▶ **Task prompt**
Every line from the one containing "Snowboard Targeted Cushion" to the end of the records below should be returned exactly; pictures are to be dropped.

▶ **Data to use**

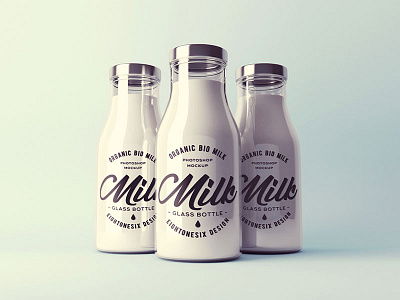 Milk Bottle Mock-Up Template 3d bottle design glass milk mock up mockup template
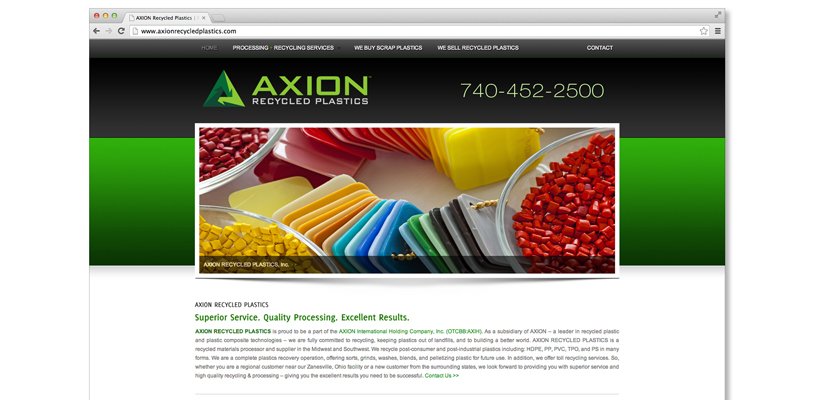 Example of Website Design and Production, a Home page design and layout with navigation graphics for Axion International – designed by SP STUDIOS.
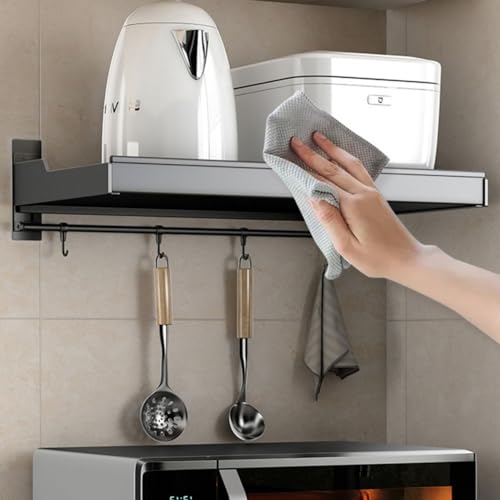 Étagère murale inox 60 cm pour micro-ondes, support cuisine durable - 6
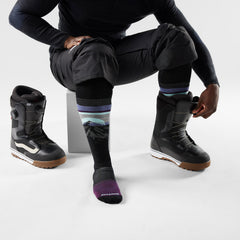 Snowboard Targeted Cushion Mountain Sunrise Print Over The Calf Socks - Men's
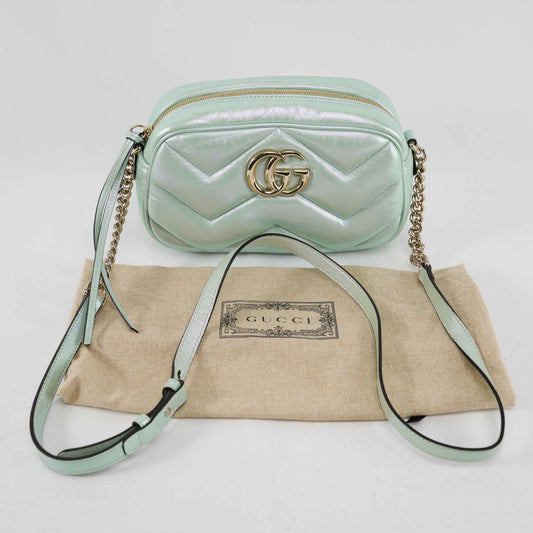 Gucci GG Gucci Iridescent Nappa Chevron Matelasse in Iridescent Mint Green Leather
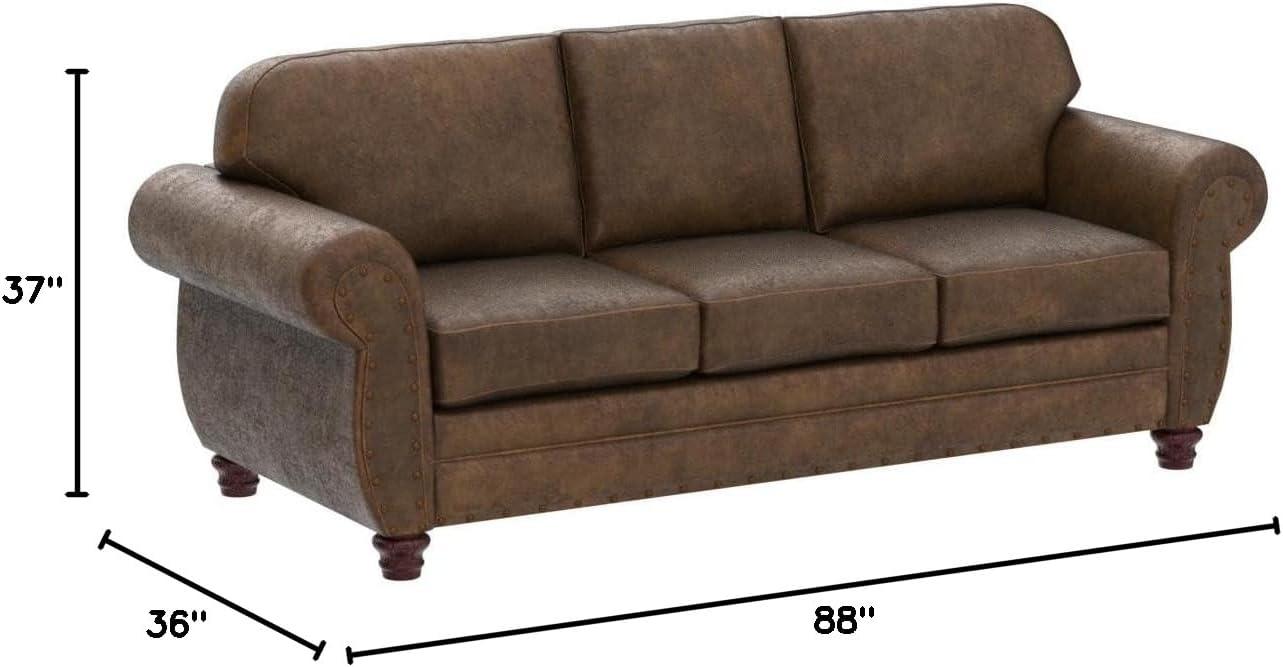 American Furniture Classics Traditional Microfiber Sedona Sofa in Brown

▶ **Answer for this exercise**
 Snowboard Targeted Cushion Mountain Sunrise Print Over The Calf Socks - Men's
 Gucci GG Gucci Iridescent Nappa Chevron Matelasse in Iridescent Mint Green Leather
 American Furniture Classics Traditional Microfiber Sedona Sofa in Brown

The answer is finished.